With your model and dictionary:
import os
from pocketsphinx import AudioFile, get_model_path, get_data_path
model_path = get_model_path()
data_path = get_data_path()
config = {
'verbose': False,
'audio_file': os.path.join(data_path, 'goforward.raw'),
'buffer_size': 2048,
'no_search': False,
'full_utt': False,
'hmm': os.path.join(model_path, 'en-us'),
'lm': os.path.join(model_path, 'en-us.lm.bin'),
'dict': os.path.join(model_path, 'cmudict-en-us.dict')
}
audio = AudioFile(**config)
for phrase in audio:
print(phrase)
Pocketsphinx
It's a simple and flexible proxy class to pocketsphinx.Decode
.
from pocketsphinx import Pocketsphinx
print(Pocketsphinx().decode()) # => "go forward ten meters"

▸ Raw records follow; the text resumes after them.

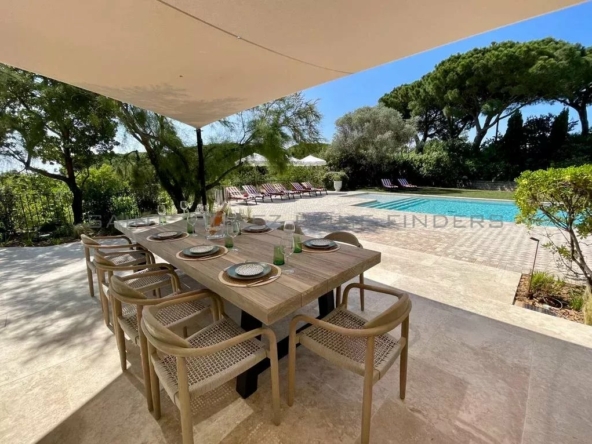 Belle villa avec vue mer à la campagne St Tropez Home Finders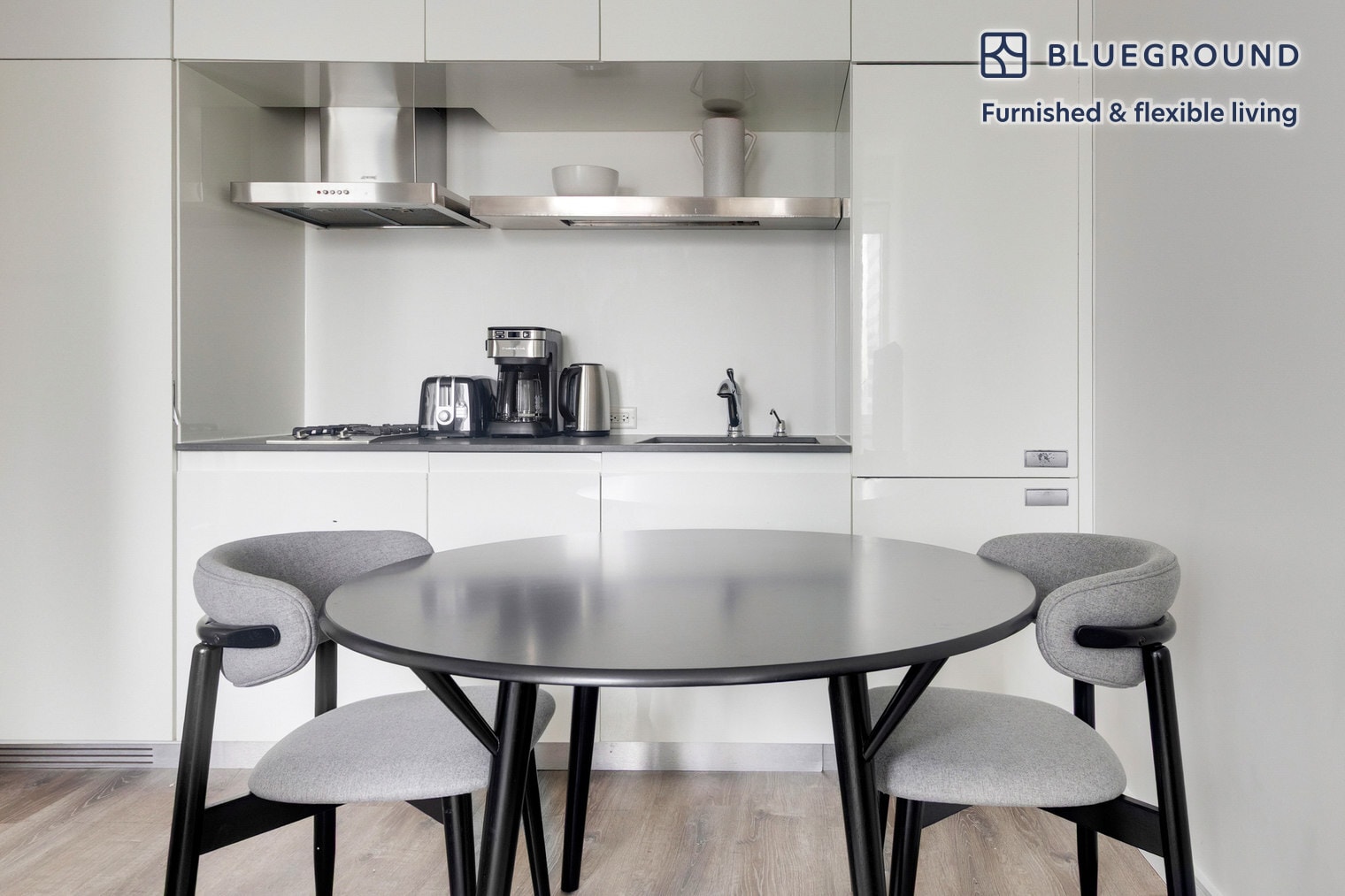 Building Photo - 70 W 45th St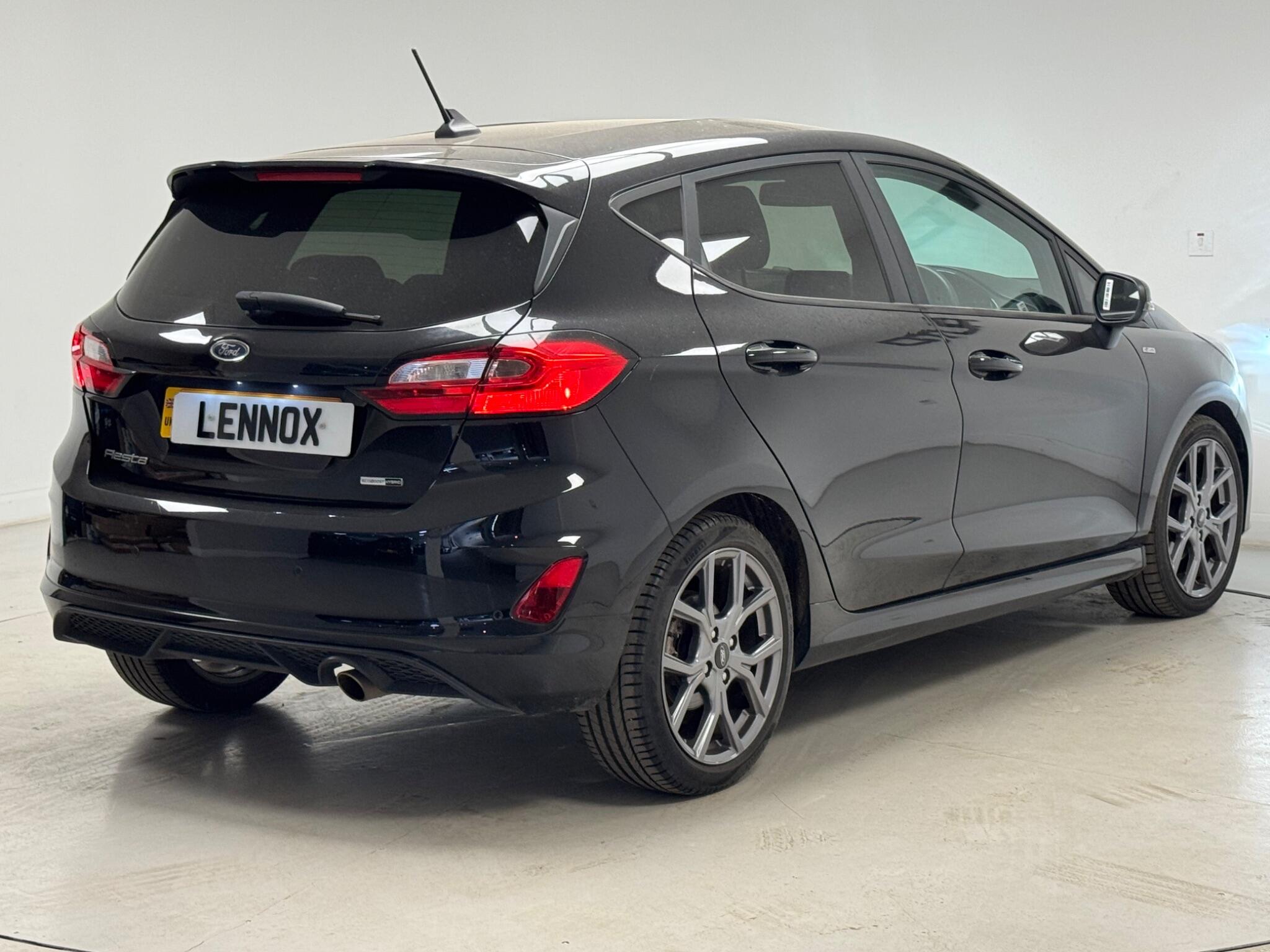 Ford Fiesta view 5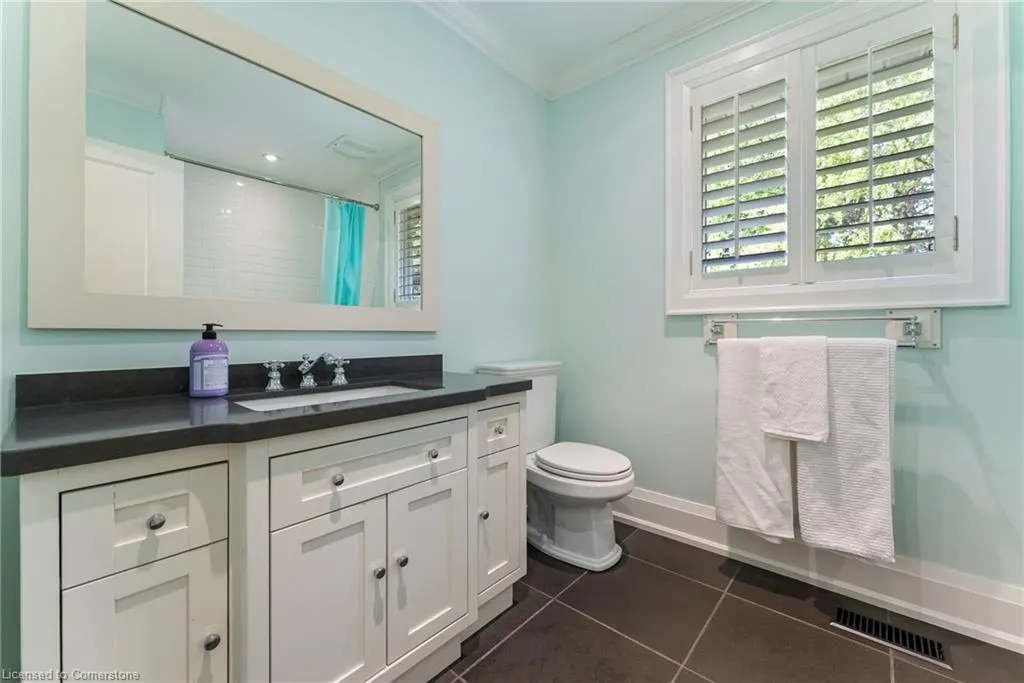 1511 Jasmine Crescent
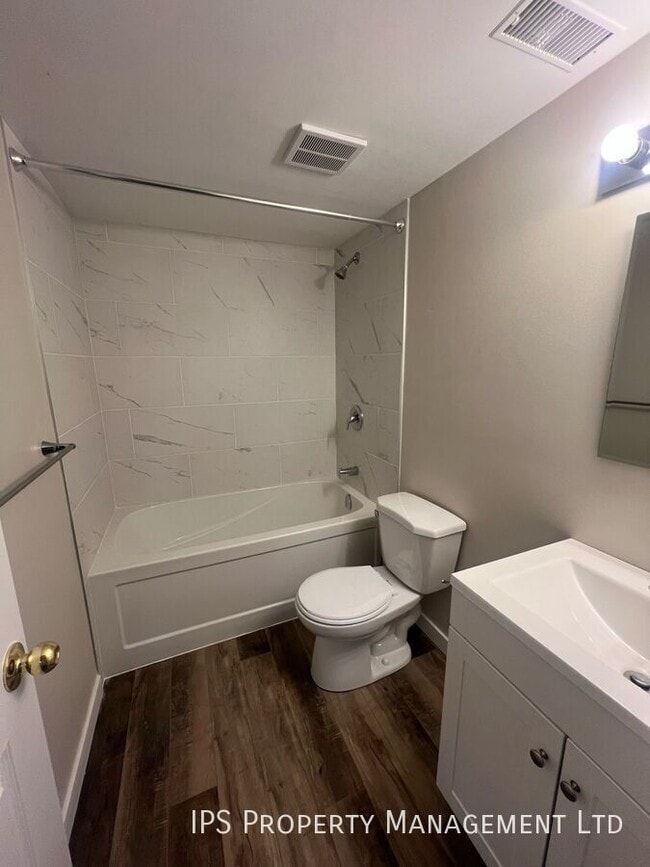 Building Photo - Basement - 2 Bed | 1 Bath - Newly Renovate...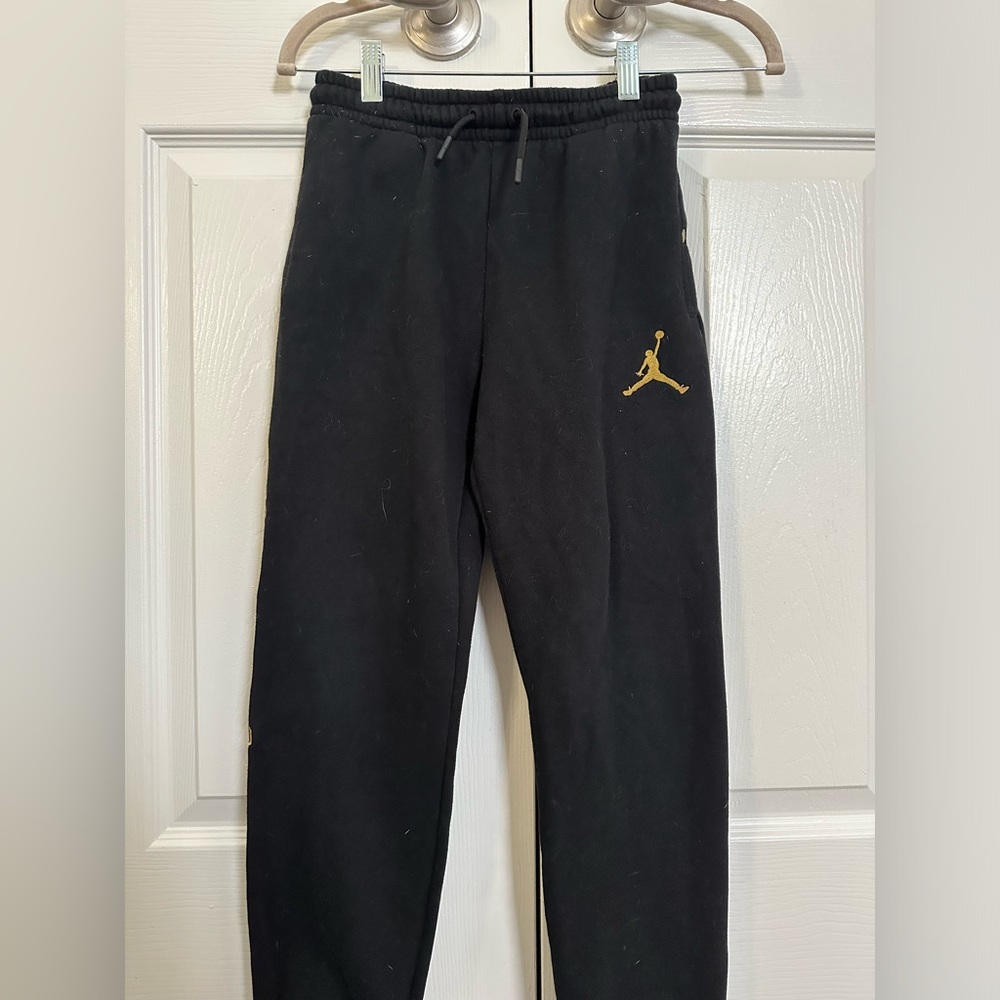 Boys Jordan size 10-12 pants! Like new!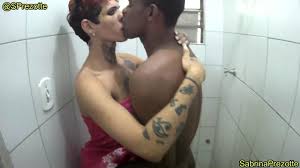 Negro dotado comento uma ninfeta de oculos e linger mqtat jpg x Negro dotado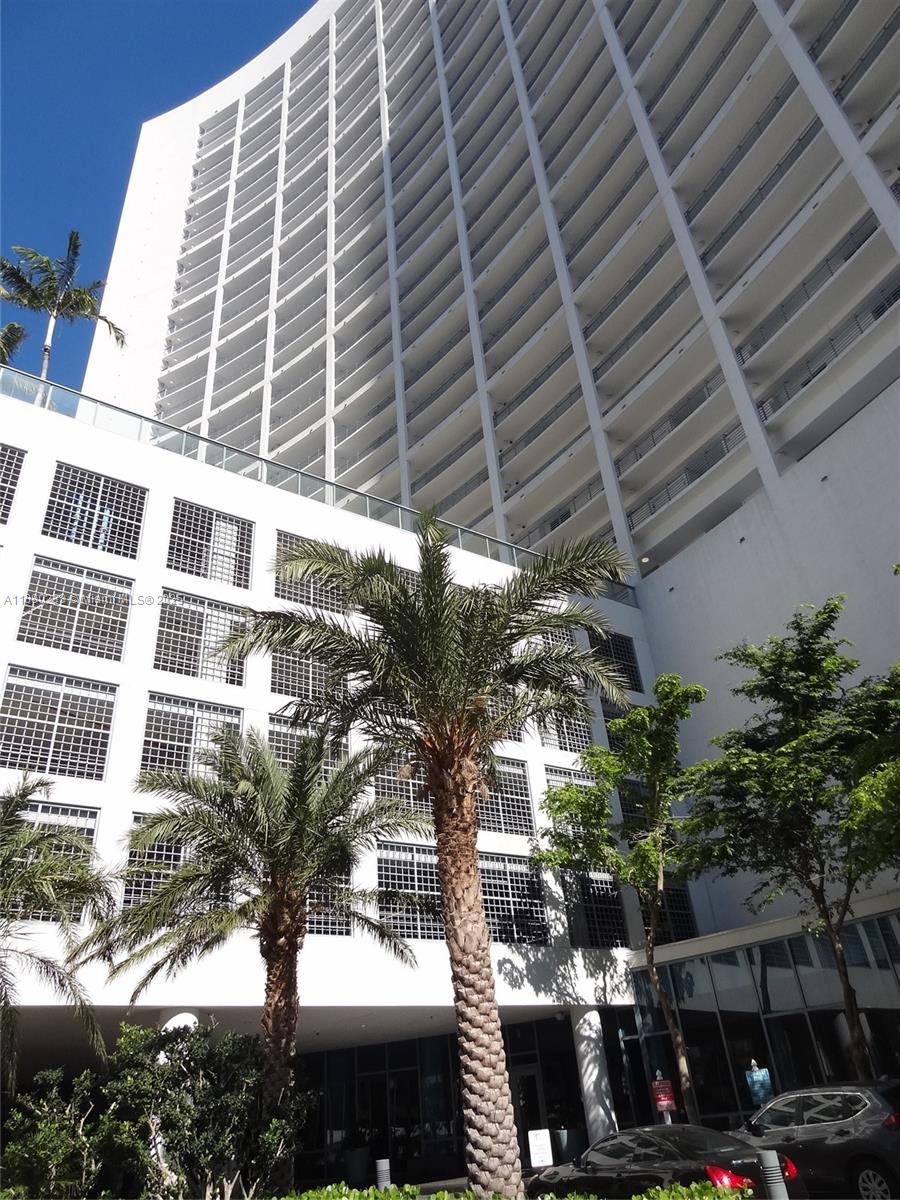 601 NE 36th St # 2708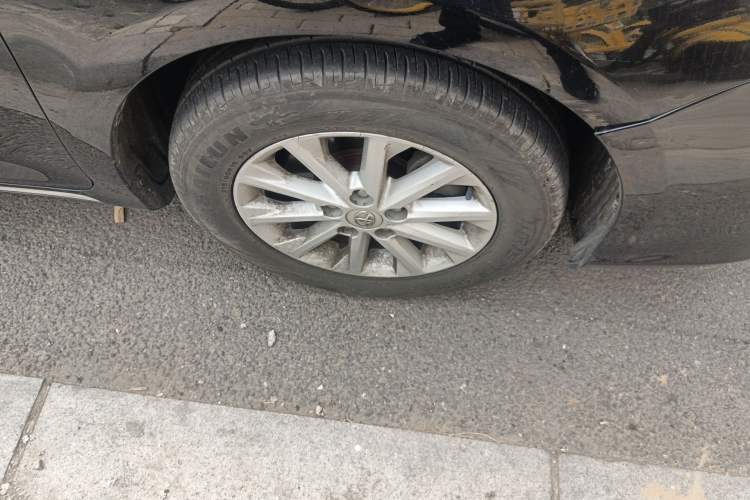 Used Toyota Camry 2012 2.5G Luxury Edition Right Front Wheel Hub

A more comprehensive example:
from __future__ import print_function
import os
from pocketsphinx import Pocketsphinx, get_model_path, get_data_path
model_path = get_model_path()
data_path = get_data_path()
config = {
'hmm': os.path.join(model_path, 'en-us'),
'lm': os.path.join(model_path, 'en-us.lm.bin'),
'dict': os.path.join(model_path, 'cmudict-en-us.dict')
}
ps = Pocketsphinx(**config)
ps.decode(
audio_file=os.path.join(data_path, 'goforward.raw'),
buffer_size=2048,
no_search=False,
full_utt=False
)
print(ps.segments()) # => ['<s>', '<sil>', 'go', 'forward', 'ten', 'meters', '</s>']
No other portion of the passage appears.